Feds could tell you when to drive if carbon price law stands, court told

Feds could tell you when to drive if carbon price law stands, court told

Ontario’s constitutional challenge against the federal government gets underway

The federal government will end up with the power to regulate almost every facet of life — such as when you can drive or where you can live — if its law aimed at curbing harmful greenhouse gas emissions is allowed to stand, Ontario’s top court heard Monday.

Ottawa’s climate-change law is so broad, a lawyer for the province told the start of a four-day Appeal Court hearing, that it would give the federal government powers that would be destabilizing to Canada in the name of curbing the cumulative effects of global-warming emissions.

READ MORE: B.C. carbon tax up April 1, other provinces begin to catch up

“They could regulate where you live. How often you drive your car,” Josh Hunter told the five-justice panel. “It would unbalance the federation.”

In his submissions, Hunter was categorical that Ontario’s constitutional challenge to the federal Greenhouse Gas Pollution Pricing Act was not intended to be a debate on the realities or dangers of global warming. What’s at stake, he said, is which level of government has the power to deal with the problem.

“Which measure is the best measure — the most efficient measure — is best left for legislatures to decide,” Hunter said. “Which legislature? That’s what we’re here to decide.”

The federal government law that kicked in on April 1 imposed a charge on gasoline and other fossil fuels as well as on industrial polluters. The law applies only in those provinces that have no carbon-pricing regime of their own that meets national standards — Ontario, Manitoba, Saskatchewan and New Brunswick.

The Liberal government, which is due to make its submissions on Tuesday, insists its law is an appropriate response to the nationally important issue of climate change. It maintains the legislation was designed to “fill in the gaps” where provincial measures aren’t up to snuff. The aim, the government says, is to cajole people into changing their behaviour.

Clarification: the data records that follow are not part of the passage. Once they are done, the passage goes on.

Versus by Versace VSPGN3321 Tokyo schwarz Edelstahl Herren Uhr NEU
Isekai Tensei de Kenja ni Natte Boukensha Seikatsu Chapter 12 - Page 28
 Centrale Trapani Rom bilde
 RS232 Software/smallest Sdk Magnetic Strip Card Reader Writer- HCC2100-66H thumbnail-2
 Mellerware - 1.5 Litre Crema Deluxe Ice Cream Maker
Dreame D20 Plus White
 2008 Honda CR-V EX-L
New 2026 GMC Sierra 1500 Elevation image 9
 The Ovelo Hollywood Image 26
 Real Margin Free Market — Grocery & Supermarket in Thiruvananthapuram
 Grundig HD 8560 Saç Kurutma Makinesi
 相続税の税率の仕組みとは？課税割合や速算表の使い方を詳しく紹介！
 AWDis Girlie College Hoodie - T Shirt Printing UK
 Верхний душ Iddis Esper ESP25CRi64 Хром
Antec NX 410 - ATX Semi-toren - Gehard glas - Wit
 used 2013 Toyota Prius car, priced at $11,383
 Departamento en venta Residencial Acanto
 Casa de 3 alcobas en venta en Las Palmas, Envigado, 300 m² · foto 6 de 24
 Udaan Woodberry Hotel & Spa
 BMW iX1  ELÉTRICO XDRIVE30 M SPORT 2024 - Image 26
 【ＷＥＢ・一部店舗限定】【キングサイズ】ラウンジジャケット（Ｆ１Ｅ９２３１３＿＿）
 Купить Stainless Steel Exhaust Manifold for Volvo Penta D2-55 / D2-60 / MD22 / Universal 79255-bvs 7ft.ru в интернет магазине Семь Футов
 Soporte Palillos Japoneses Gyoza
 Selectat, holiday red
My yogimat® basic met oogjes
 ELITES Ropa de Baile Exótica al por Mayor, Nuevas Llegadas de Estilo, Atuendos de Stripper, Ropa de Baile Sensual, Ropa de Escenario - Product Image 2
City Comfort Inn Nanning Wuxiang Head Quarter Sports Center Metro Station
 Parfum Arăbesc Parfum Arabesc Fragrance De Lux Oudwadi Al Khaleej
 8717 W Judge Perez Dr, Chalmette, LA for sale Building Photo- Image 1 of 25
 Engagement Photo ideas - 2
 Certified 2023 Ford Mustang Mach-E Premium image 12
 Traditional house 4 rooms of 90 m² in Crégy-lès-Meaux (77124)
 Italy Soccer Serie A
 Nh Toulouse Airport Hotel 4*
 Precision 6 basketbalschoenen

The federal law, Hunter also said, puts a “tax” on ordinary people every time they drive to work or heat their homes, which he said was too much of a burden.

As the justices pointed out, Ottawa is promising to return the money it collects to people in the affected provinces to offset the charge.

Hunter, however, said the rebates — via the federal climate action incentive — flow to everyone in the impacted province regardless of whether they drive at all, for example.

“It’s not just that you get back what you give,” he said.

Progressive Conservative Premier Doug Ford insists Ontario can curb greenhouse gas emissions on its own and has already taken significant steps to do so.

Those steps, Hunter told the court, include shutting down coal-fired power plants — a measure in fact taken by the previous Liberal government — which has sharply reduced the province’s harmful emissions.

“Ontario is further ahead than all the other provinces,” Hunter said. “(But) none of those (steps) count towards determining whether Ontario has a stringent plan.”

In addition, he said, the province is developing a “made-in-Ontario environmental plan” that is still under consideration.

Fourteen interveners, including provinces such as Saskatchewan and B.C., Alberta Conservatives, Indigenous organizations who point out they are acutely vulnerable to global warming, as well as business and environmental groups, will get their say over the course of the hearing.